Senior Software Engineer, Platform
ROLE SUMMARY
Firmus Technologies is seeking a Senior Software Engineer focussing on Platform Engineering to join our Engineering and Technology team. You will drive the enhancement of our observability capabilities to achieve ClusterMAX Platinum tier recognition from SemiAnalysis. You will also enhance internal tooling to improve developer and operations productivity. This role is ideal for a self-starter with passion for building things from first principles.

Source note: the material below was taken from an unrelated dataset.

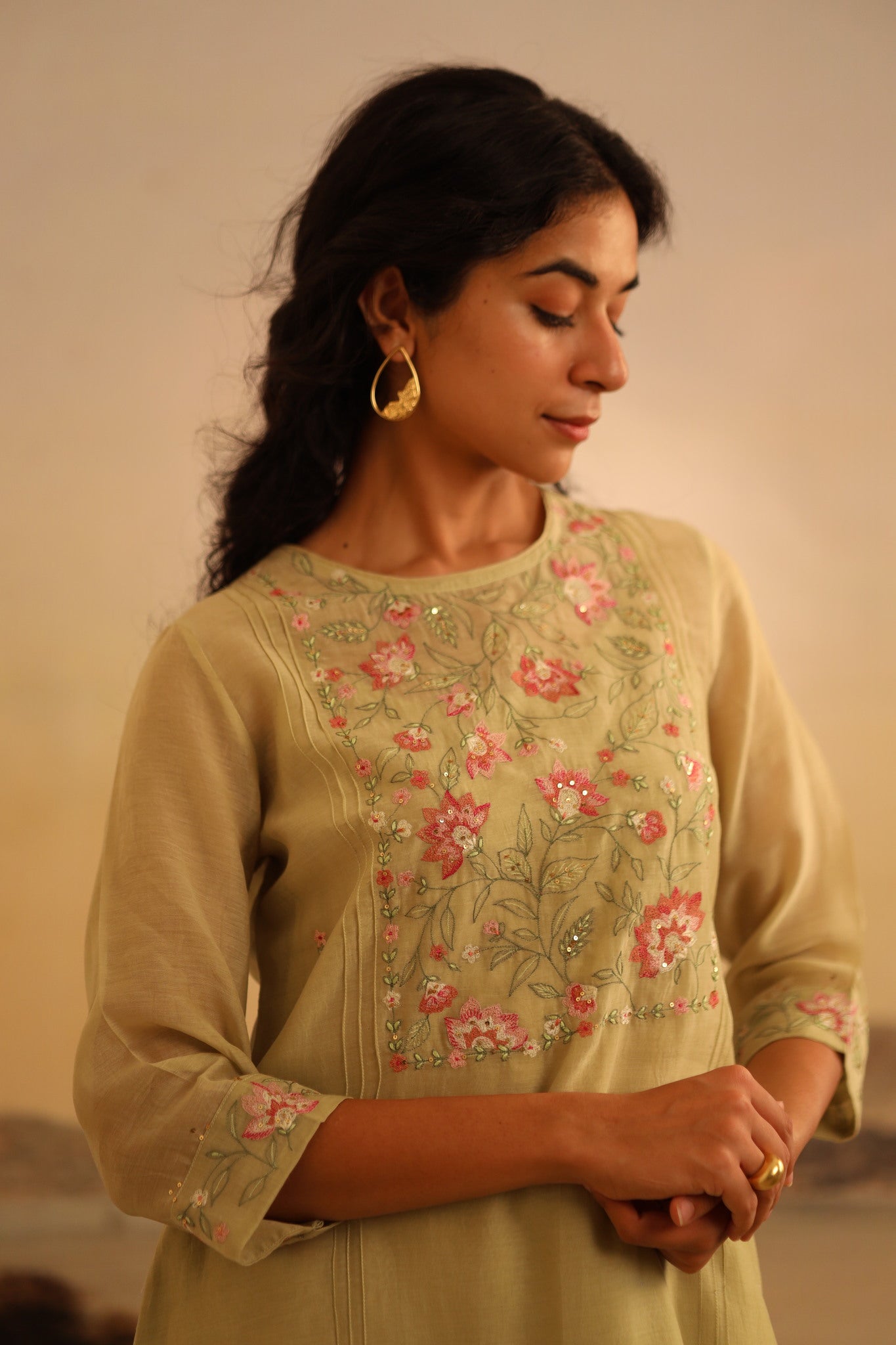 Sage Green Rose Garden kurta set with dupatta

You naturally break down complex problems into their fundamental truths to uncover novel and elegant solutions—rather than relying on conventional patterns.
KEY RESPONSIBILITIES
- Drive and collaborate with AI/ML engineers to develop and integrate AI/ML application-level monitoring from the ground up, including model accuracy tracking and performance observability.
- Develop purpose-built Prometheus exporters to provide necessary granularity for robust low-level components and interconnect fabric monitoring.
- Build and enhance internal tooling to automate workflows, improve developer and operations productivity, and streamline platform operations (e.g., dashboards, CLI tools, automation scripts, self-service portals).
- Continuously improve automated test coverage and effectiveness by adopting new testing frameworks, tools, and best practices.
- Own net-new product experiments (e.g., VR with Meta Quest), driving innovation from concept to production deployment and mass adoption.
- Contribute to the adoption and integration of AI-augmented development tools and workflows.
SKILLS AND EXPERIENCE
- Bachelor's degree in computer science or a related technical field.
- 7+ years of experience as Software Engineer, with a minimum of 3 years in a dedicated Platform/Observability engineering focus role.
- Demonstrated strong proficiency on the following areas:
- Modern application development frameworks and languages (e.g., Go, Python, Node.js).
- Advanced querying and optimization using SQL, PromQL, LogQL, GraphQL.
- Observability stack (e.g., Loki, Grafana, Tempo, Prometheus, Thanos, ClickHouse).
- Data streaming (e.g., Kafka, Pulsar).
- Automated unit, integration, security, load and end-to-end testing frameworks (e.g., Pytest, JUnit, K6, Go test, Cypress) and integrating tests into CI/CD pipelines.
- Cloud platforms (e.g., AWS, Azure, or GCP).
- Containerization technologies (e.g., Docker).
- Experience with AI-augmented development tools and workflows.
- Working knowledge on configuration management and CI/CD (e.g., Ansible, GitHub Actions, Jenkins, ArgoCD)
- Clear and effective English communication, written and spoken.
- Bonus Points:
- Familiarity with Linux internals, networking stacks, distributed storage and high-performance computing.
- Experience in high-growth startups or regulated industries with robust security and data privacy requirements, including SOC 2 Type 2 and ISO 27001.
About Sustainable Metal Cloud
Our vision is to move cloud computing towards net zero, with solutions forged through advanced technology. Partnering with NVIDIA to provide large-scale GPU AI infrastructure.
WHY YOU'LL LOVE WORKING HERE
Our team shares a passion for possibility, knowing that our technology enables ideas across the world. Ideas that can reshape the course of progress and break down traditional boundaries.